According to high end retailer Eileen Fisher, “The clothing industry is the second-largest polluter in the world, second only to the oil industry.” Over 90 percent of clothing purchased from fast-fashion retailers are made with genetically modified cotton containing pesticides that are damaging to not only our bodies – absorbed into our skin and our bloodstreams – but also the planet, “The True Cost” film explains.
“The [pesticides] get into our water systems and suck oxygen out of the water. When things decompose it depletes our water sources of oxygen and you see these dead zones,” said Kimberly Koverman a climate change professor at Columbia College Chicago. “The Gulf of Mexico is one giant dead zone where we’ve undone hundreds of million years of evolution.”
Along with the chemicals polluting the water because of the lack of organically grown cotton, the ‘for a day’ pieces that fast-fashion retailers sell are meant to be disposed of after only a few wears.

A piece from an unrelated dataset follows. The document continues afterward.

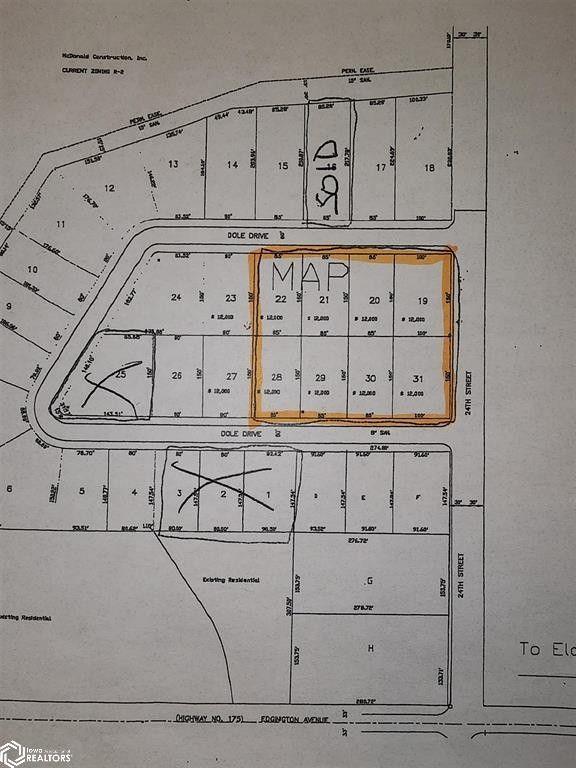 Eldora, Hardin County, IA Undeveloped Land, Homesites for sale Property ID: 418478451
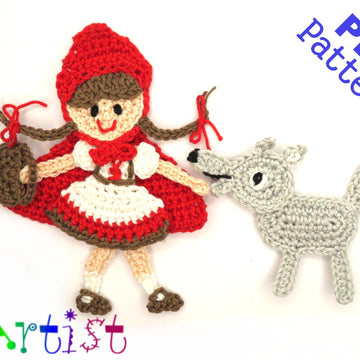Red Riding Hood Applique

Each year, over 11 million pounds of clothing are thrown out causing our landfills to build up dramatically and leaving our planet full of trash, Woosley explains.
As the water and land on earth become toxic, so does the atmosphere. Around 97 percent of clothing consumers purchase are made overseas and have to be shipped to America, said Woosley, the gas used by boats and planes cause a dramatic spike in carbon dioxide emissions. Carbon dioxide is a greenhouse gas that warms up our planet and causes global warming. The effects of global warming are catastrophic, and the earth is already experiencing these irreversible changes, said Koverman. In the arctic, glaciers and sea ice are melting at high rates causing water loss and many species to be close to extinction.
The planet is suffering, and the world’s citizens are the ones who can start positively impacting the planet. Refusing to shop at fast-fashion retailers, buying locally grown and artisan-made goods, and being away of how your garments are made are easy and reflective strides that will make a difference, Koverman informs.
“Being conscious of what you’re doing with your [clothing] and not trying to buy so much can really go a long way if enough of us are doing it,” Koverman said.